Stuck on an issue?

Lightrun Answers was designed to reduce the constant googling that comes with debugging 3rd party libraries. It collects links to all the places you might be looking at while hunting down a tough bug.

And, if you’re still stuck at the end, we’re happy to hop on a call to see how we can help out.

Keepalive server side not working

See original GitHub issue

Problem description

Grpc server does not take keepalive options into account. Not possible to detect client disconnection during server streaming.

Reproduction steps

Create a server with keepalive options (several combinations tested)

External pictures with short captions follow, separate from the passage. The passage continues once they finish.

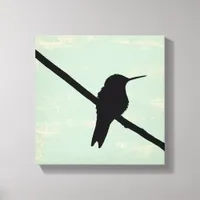 Hummingbird Silhouette on Blue Grunge Background Canvas Print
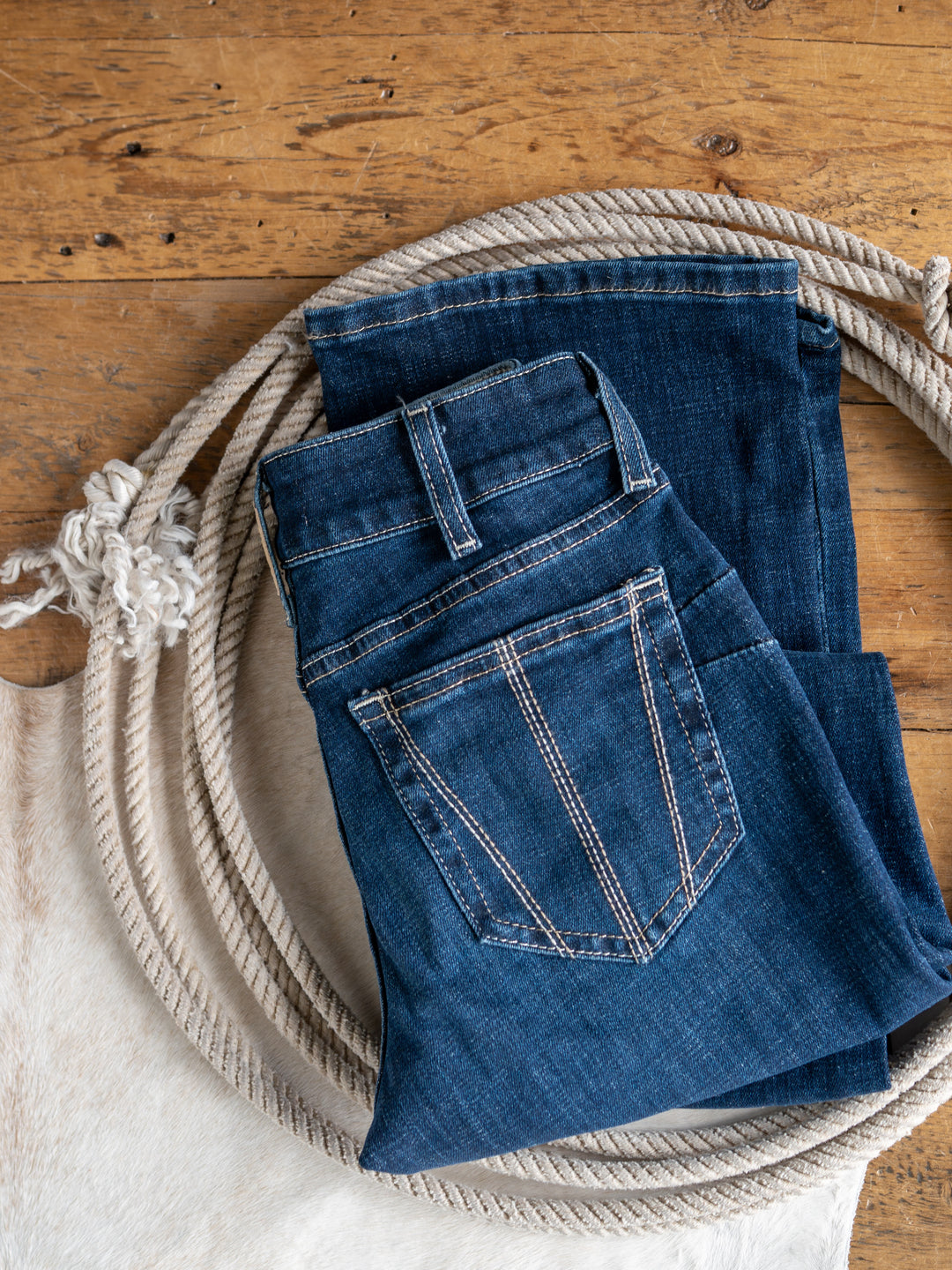 The Avery Perfect Rise Boot Cut Jean by Savannah Sevens western life{&}style, in a medium dark wash, sits atop a coiled rope on wood, with a touch of cowhide peeking from the corner.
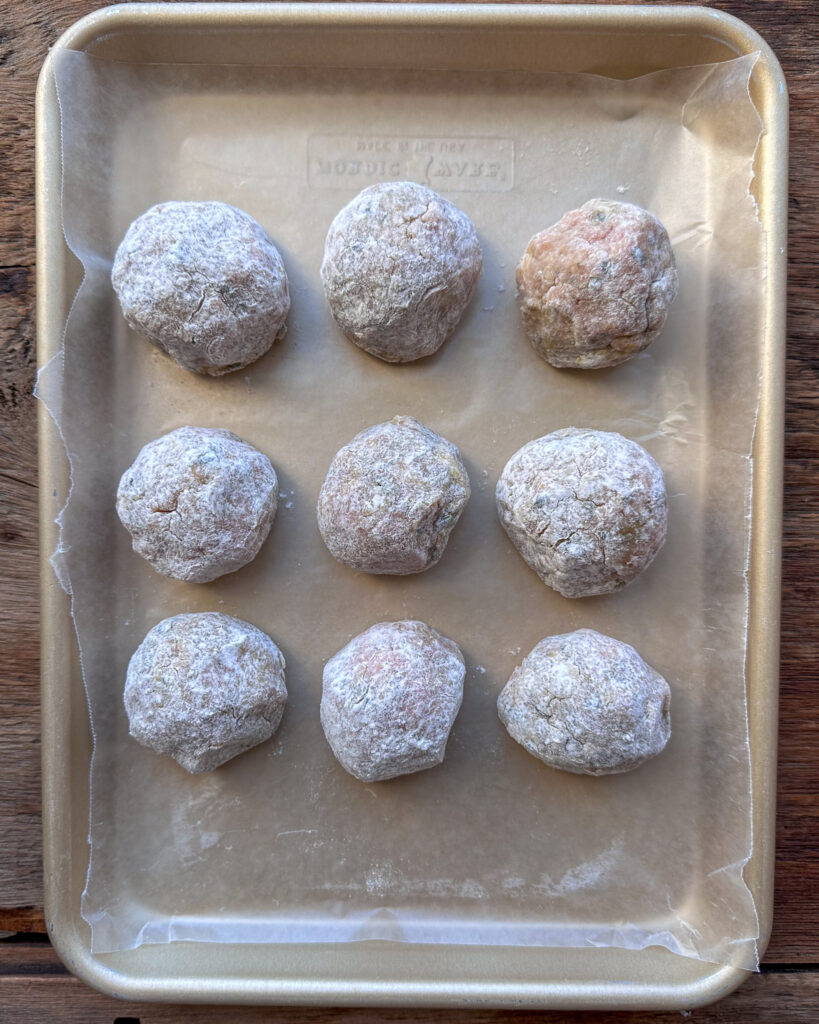 Roll the meatball in flour to form a ball,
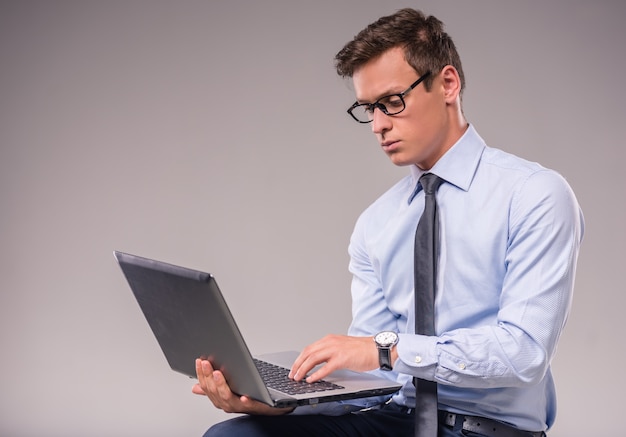 Portrait of a young businessman with a laptop.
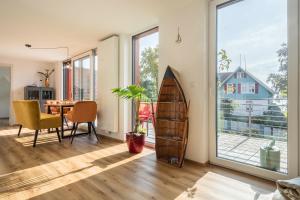 a room with a surfboard and a dining room at Seekind in Kressbronn am Bodensee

        const grpcOptions = {
            'grpc.keepalive_time_ms': 5000,
            'grpc.keepalive_timeout_ms': 5000,
            'grpc.grpc.max_connection_idle_ms': 5000,
            'grpc.keepalive_permit_without_calls': 1,
            'grpc.http2.max_pings_without_data': 2000000,
            'grpc.http2.max_ping_strikes': 1,
            // 'grpc.http2.min_sent_ping_interval_without_data_ms': 5000,
            // 'grpc.http2.min_time_between_pings_ms': 10000,
            // 'grpc.http2.min_ping_interval_without_data_ms': 5000
        };

Have a client with no keepalive option call a bidir streaming method.

After a while, no information circulate on the grpc connection, but the stream remains open. Client sends data at least once a day. Physically disconnect client from server.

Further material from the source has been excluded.